* Record extracts *
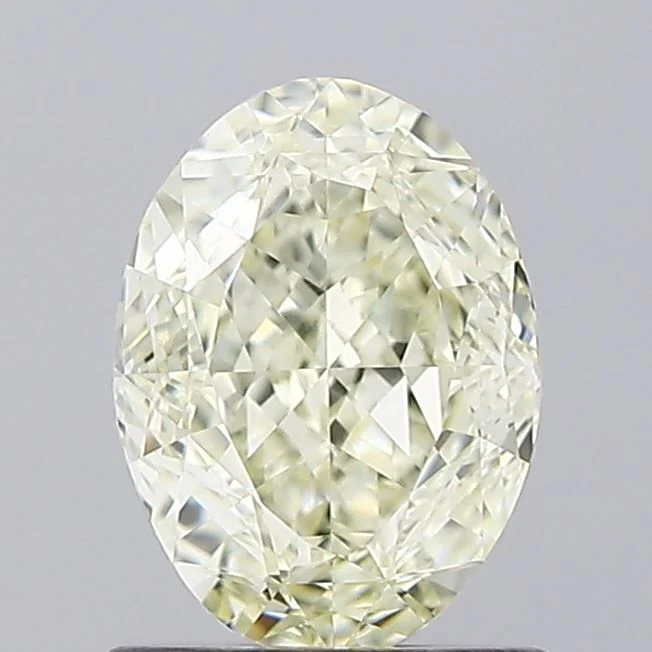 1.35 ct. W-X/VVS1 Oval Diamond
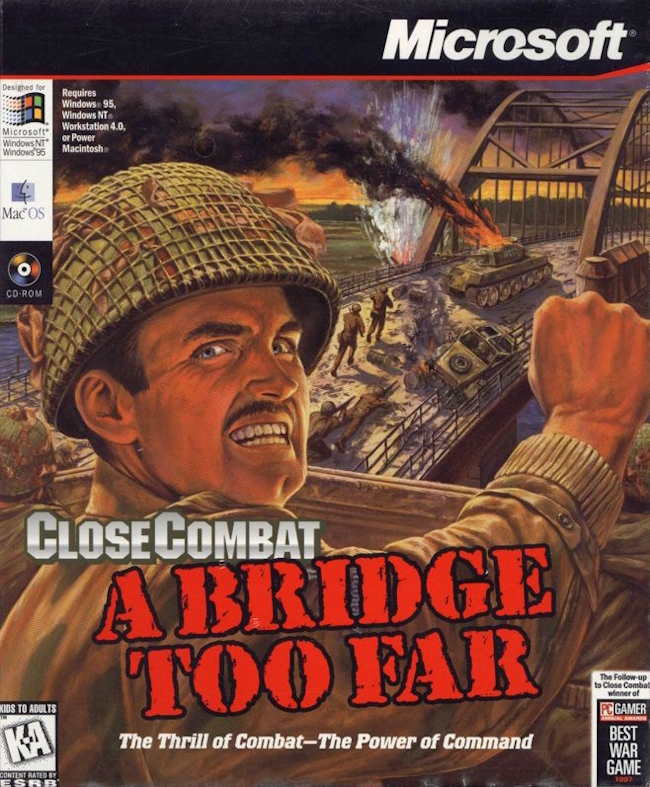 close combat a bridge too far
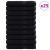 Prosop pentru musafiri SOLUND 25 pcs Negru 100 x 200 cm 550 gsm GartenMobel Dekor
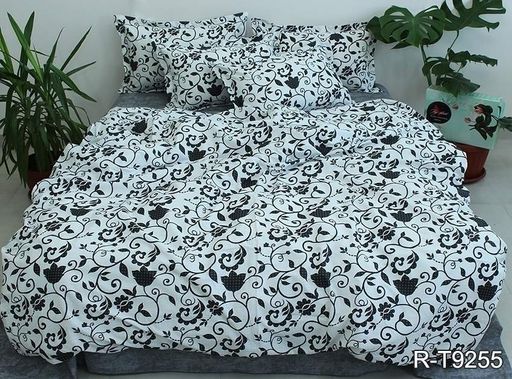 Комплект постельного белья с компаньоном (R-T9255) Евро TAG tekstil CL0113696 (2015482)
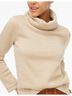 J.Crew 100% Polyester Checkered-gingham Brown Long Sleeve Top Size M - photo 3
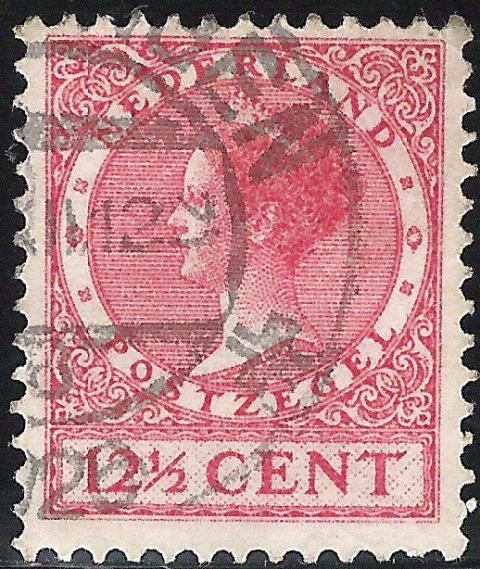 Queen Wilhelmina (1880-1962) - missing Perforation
--
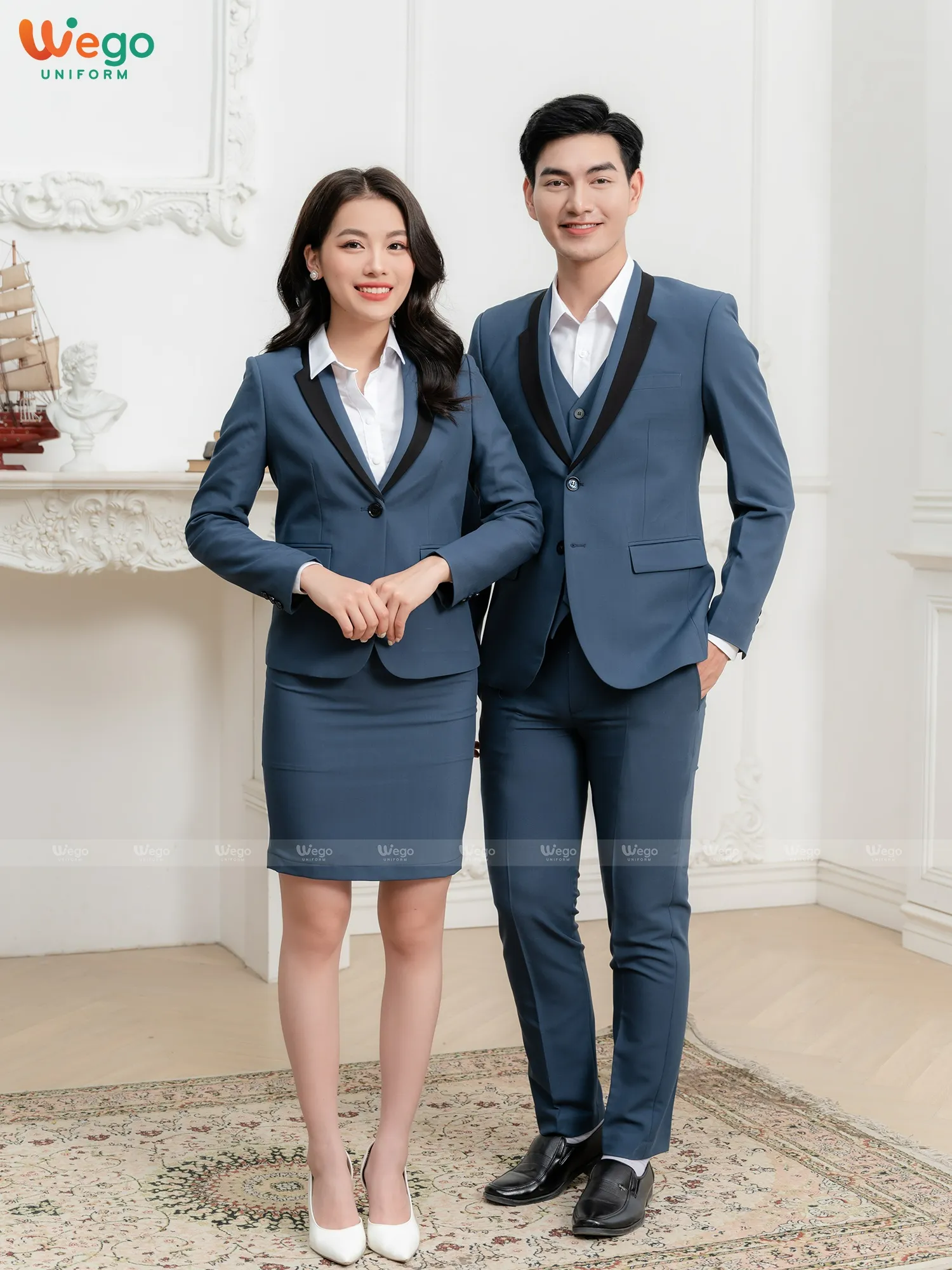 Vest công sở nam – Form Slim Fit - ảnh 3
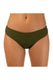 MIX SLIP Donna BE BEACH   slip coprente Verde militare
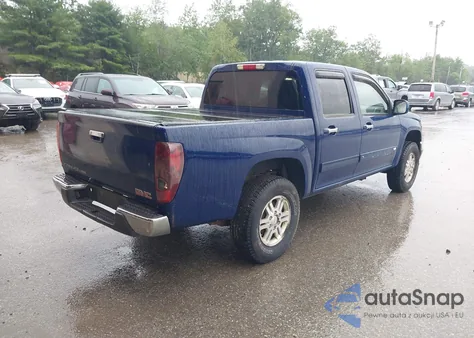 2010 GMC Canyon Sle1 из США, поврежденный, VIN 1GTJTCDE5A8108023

* Work required *
Above are the records. Copy word for word only their lines from the one holding "1.35 ct. W-X/VVS1 Oval Diamond" through the one holding "Queen Wilhelmina (1880-1962)", both included, and skip the images.

* Solution for this task *
 1.35 ct. W-X/VVS1 Oval Diamond
 close combat a bridge too far
 Prosop pentru musafiri SOLUND 25 pcs Negru 100 x 200 cm 550 gsm GartenMobel Dekor
 Комплект постельного белья с компаньоном (R-T9255) Евро TAG tekstil CL0113696 (2015482)
 J.Crew 100% Polyester Checkered-gingham Brown Long Sleeve Top Size M - photo 3
 Queen Wilhelmina (1880-1962) - missing Perforation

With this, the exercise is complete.